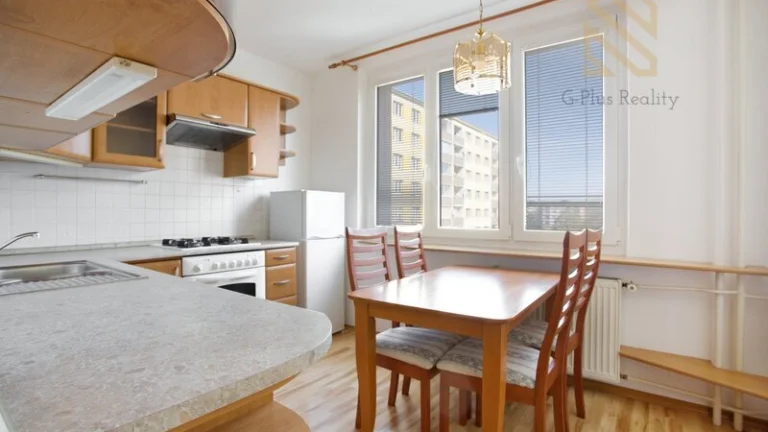 Pronájem bytu 2+1 63m2, Kosmonautů 2286, Louny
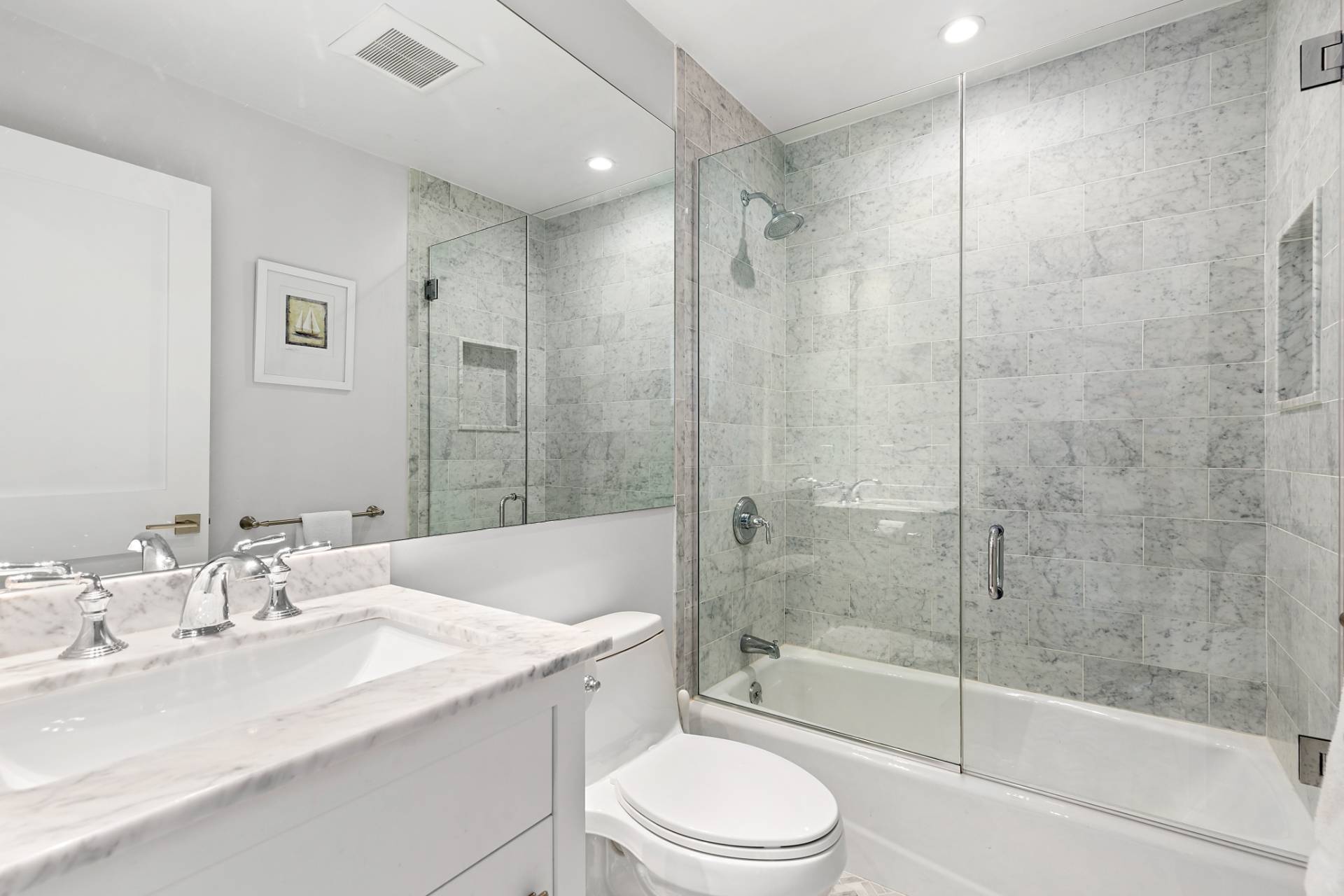 50 Woodland Farm Road Southampton, NY 11968 - Photo 11 of 20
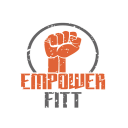 Empower FITT Icon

-- TASK TO COMPLETE --
This exercise asks for the data above to be given again exactly, without pictures.

-- ANSWER SPACE --
 Pronájem bytu 2+1 63m2, Kosmonautů 2286, Louny
 50 Woodland Farm Road Southampton, NY 11968 - Photo 11 of 20
 Empower FITT Icon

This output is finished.